Viewing datasets lineage enables:
- Understand dataset construction: Clarifies data origins and transformations, supports documentation.
- Identify dependent datasets: Recognizes dependencies, aids in impact analysis, and enhances integration planning.
- Monitor data quality issues: Detects upstream quality issues, improves accuracy, and identifies root causes.
- Manage compliance with data regulations: Ensures regulatory compliance, reduces breach risks, and builds trust.
View lineage for datasets
- Navigate to and select the specific dataset you wish to analyze for lineage.
- Click on the Lineage tab to view the lineage diagram.
- The diagram visually represents the complete lineage of the selected dataset, identified as HOME. It is displayed at a default zoom level of 100%, which you can adjust to fit your viewing preferences.
- To explore deeper, expand the dataset to reveal the fields it contains. By default, only five fields are visible; however, you can use infinite scrolling to access more fields.
- Fields are organized according to two properties: name and data quality score. This arrangement facilitates a detailed view of both the fields themselves and their interconnections.
- For a broader or more detailed view, use the canvas controls ("+" or "-") to expand or collapse all fields.
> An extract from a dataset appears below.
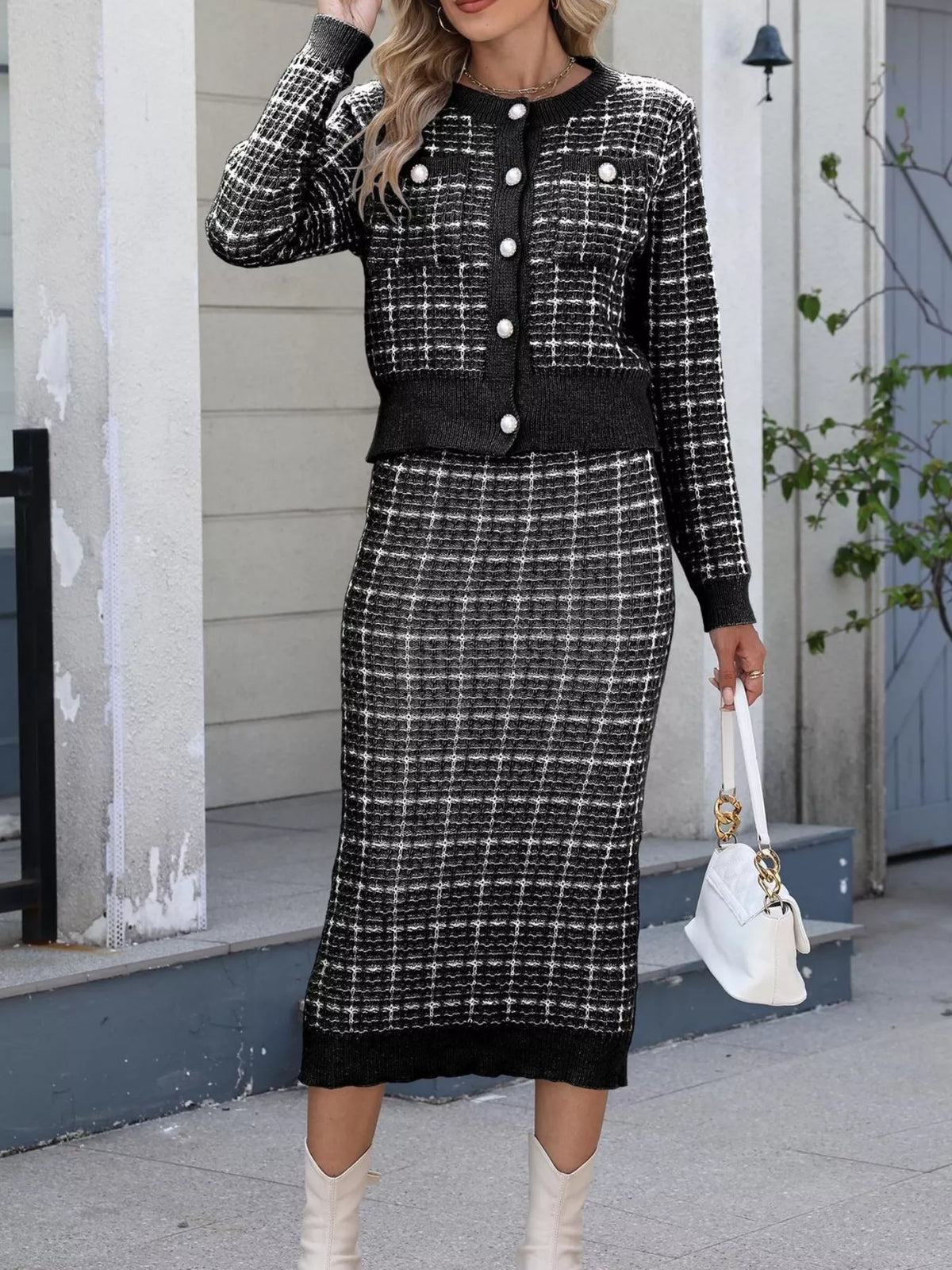 Plaid Knit Cardigan and Midi Skirt Sweater Set - Black - View 4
Alternatively, adjust the zoom level using the drop-down percentage (%) selector.
- To engage the 'Dataset-level' lineage view, right-click on the dataset to activate the context menu and choose View Info.
Explore dataset details through the information panel in Lineage diagrams
- Click on a dataset card in the Lineage diagram to open the Information panel associated with that dataset.
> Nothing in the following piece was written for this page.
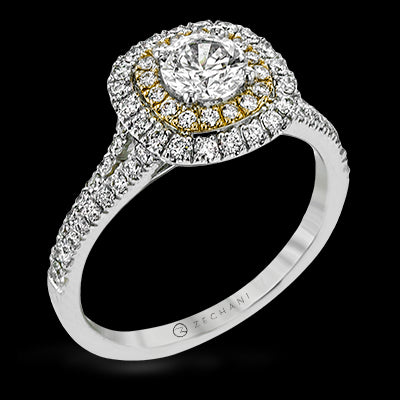 ZR1613 Engagement Ring in 14k Gold with Diamonds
- If the Information panel is not visible, click the Information Panel button to reactivate it.
- Inside the Information panel, navigate to the Details tab to view the dataset's properties and a comprehensive list of related business contexts.
- To examine specific fields within the dataset, switch to the Fields tab. Here, you can view each field separately from the main diagram, select fields for detailed inspection, or explore a field's specific lineage diagram.